Study raises new questions about reproducibility of research

Predicting Reproducibility

Study raises questions about research published in many journals.

You have /5 articles left.
Sign up for a free account or log in.

Academics are easily able to predict whether an experiment’s findings will be reproducible, according to a study that raises more questions about the reliability of research published in leading journals.

A major new investigation -- undertaken by 12 research centers across the world in partnership with the Center for Open Science (COS) and published in Nature Human Behavior -- sought to test the most significant findings in social science papers published in Science and Nature between 2010 and 2015.

Conducting replication experiments for 21 eligible studies, the collaborative team of researchers from five laboratories found that 13 showed evidence “consistent with” the findings of the original paper. As many as eight failed to do so, however, suggesting a reproducibility rate of 62 percent.
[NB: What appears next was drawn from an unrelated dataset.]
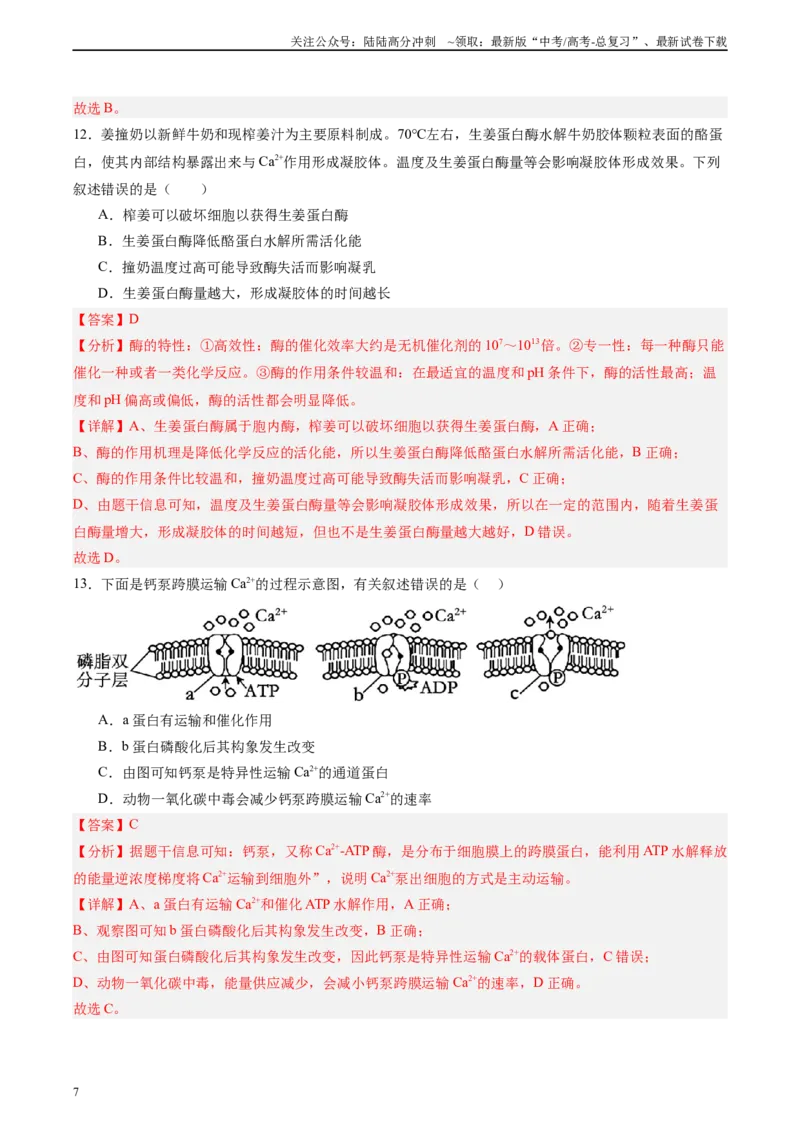 《必修1模板检测卷（教师版）_06-生物-高考总复习_一轮复习_2025年_2025年高考生物一轮复习考点复习卷（新高考通用）》第7页预览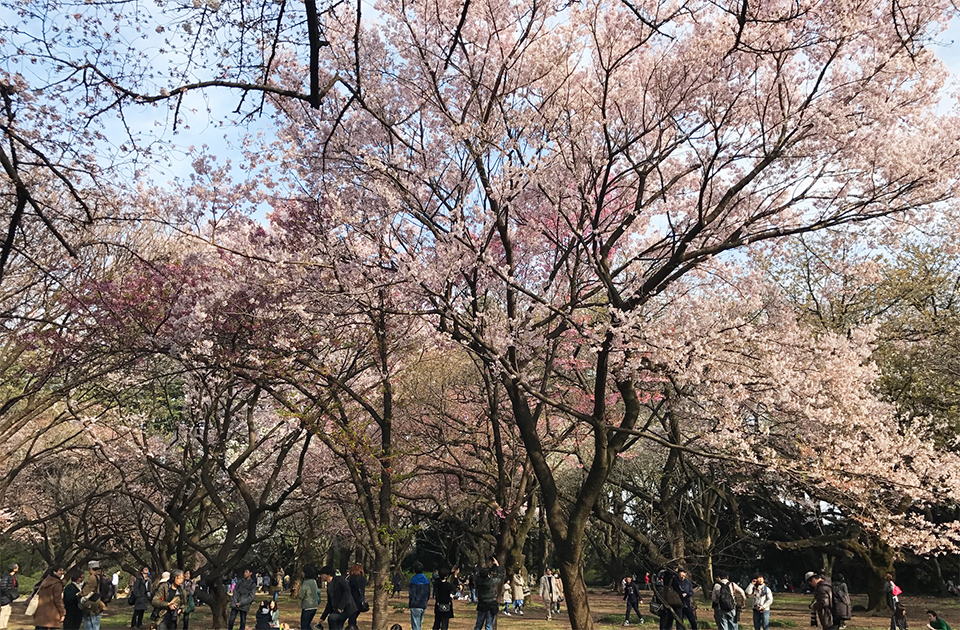 新宿御苑の桜2017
To ensure “high statistical power,” average sample sizes for the replication studies were about five times larger than the originals. Strikingly, however, effect sizes were found to be about 50 percent smaller on average in the replication tests than their original studies had promised.

Lily Hummer, an assistant research scientist at the COS and co-author of one of the replication studies, explained that the smaller effect sizes showed that “increasing power substantially is not sufficient to reproduce all published findings.”

Project leaders set up prediction markets -- allowing other researchers to bet money on whether they thought each one of the papers would replicate or not -- before conducting the experiments.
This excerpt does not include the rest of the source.